Madwoman of the Sacred Heart
Writer: Alejandro Jodorowsky
Review by John Anderson
“Insanity, divine madness, is the only way to salvation.”
I guess I’ve been reviewing a lot of Alejandro Jodorowsky’s books lately. There’s a reason for this: Humanoids has been releasing a lot of them, and they’re wonderful. The latest is the softcover edition of Madwoman of the Sacred Heart.
Alan Mangel is a successful and popular philosophy professor whose students treat him like a rock star: female students wear purple, his favourite colour, to show how much they admire him. Anyway, things start to go wrong for Alan when his wife divorces him on his birthday. Then one of his female students, Elisabeth, announces that they will have a child together, a second John the Baptist who will lead the world to a new saviour. Although he thinks Elisabeth is mad, Alan lets his animal instincts take over and is drawn into her insanity. Soon Elisabeth is pregnant, and she takes Alan on a quest to find Joseph and Mary – who turn out to be nothing like Alan expects. But by then it’s too late to turn back. Alan keeps trying to appeal to reason, but reason becomes less and less useful in this world of prophets and mystical revelations.
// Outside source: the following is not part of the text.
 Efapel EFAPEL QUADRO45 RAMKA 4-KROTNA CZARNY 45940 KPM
Madwoman has some interesting similarities with Jodorowsky’s and Moebius’s most famous work, The Incal: in both stories the protagonist keeps getting drawn into faith, but his cowardice or skepticism keeps preventing him from taking part fully. This book is much more mundane in setting than Incal: it’s set in France, not outer space, after all. But the earthly setting lets Moebius concentrate on the characters. This book shows off Moebius’s fantastic talent for depicting the characters’ inner lives. In every panel, Alan looks different – frustrated, angry, joyful, doubtful – rarely have I seen such an incredibly wide and constantly changing range of emotions expressed in comic art.
There are changes in the artwork over the course of the story. The detailed dark reds and purples in the first volume are replaced by a looser, more cartoony style and bright yellows and golds in the second volume, as the characters move to sunny southern France. The leisurely pace of the first two volumes gives way to the hectic, crammed pace of the third, with many small panels crammed into each page, as the story moves to South America and gets weirder and weirder. The end of the last volume draws on Moebius’s interest in Native American art and iconography.
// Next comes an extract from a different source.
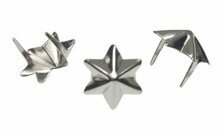 Studs ster zilverkleurig 12 mm 10 stuks per zakje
In terms of the plot, Madwoman, like Incal, is completely mad. Mad as in constantly surprising the reader with dramatic changes in plot and character. By the end of the story all of the characters have changed utterly, both physically and spiritually. Some readers will like how Alan looks a lot like Jodorowsky himself, and how Alan’s journey echoes so many of Jodorowsky’s spiritual interests. If you’re of a more skeptical bent, you’ll like the story for Jodorowsky’s constant mad ideas.
Madwoman of the Sacred Heart is what comics should be: unapologetically outrageous and beautiful.